Zu denken geben dürfte den Peronisten, dass sich bei den Vorwahlen erstmals Wählerinnen und Wähler aus der unteren Mittelschicht von den Kandidaten der Partei abgewandt haben. «Das sind eigentliche Stammwähler der Partei. Das war ein Alarmzeichen», erklärt Karasek.
Kirchnersche Geldverteilungspolitik
Die Linksperonistin Kirchner versucht nun händeringend, eine Schlappe bei den Parlamentswahlen zu verhindern. «Sie will die verlorenen Wählerinnen und Wähler zurückgewinnen, in dem sie Geld verteilen lässt.»
In ihrem offenen Brief forderte Kirchner denn auch mehr Ausgaben im sozialen Bereich und kritisierte den Sparkurs von Präsident Fernández.

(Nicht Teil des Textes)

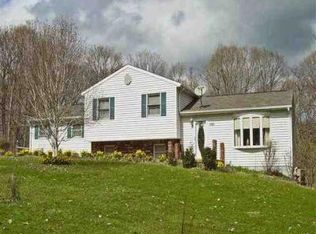 323 Hemlock Ln, Weirton, WV 26062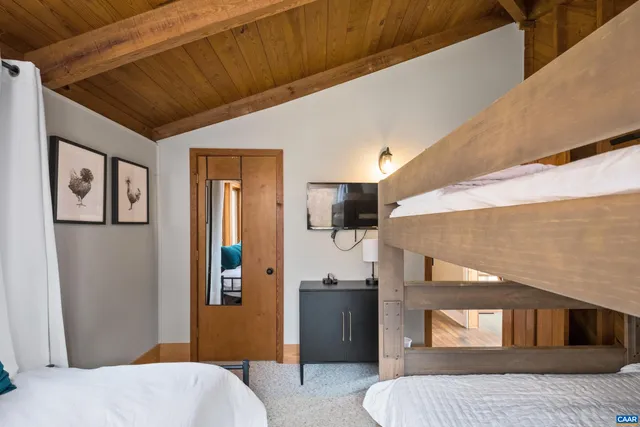 a en suite bathroom with a toilet sink and shower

Mit Erfolg: Am Donnerstag gab er Steuererleichterungen für über eine Million Arbeitnehmende bekannt. Zudem wird der Mindestlohn um mehr als 50 statt 35 Prozent angehoben. «Diese Geldverteilungspolitik ist ganz im Sinne von Kirchner – und sie läuft jetzt», sagt Karasek.
Nach offiziellen Angaben leben 42 Prozent der 45 Millionen Argentinierinnen und Argentinier derzeit in Armut. Das Land verzeichnet eine der weltweit höchsten Inflationsraten und steht unter anderem beim Internationalen Währungsfonds (IWF) mit Milliardensummen in der Kreide.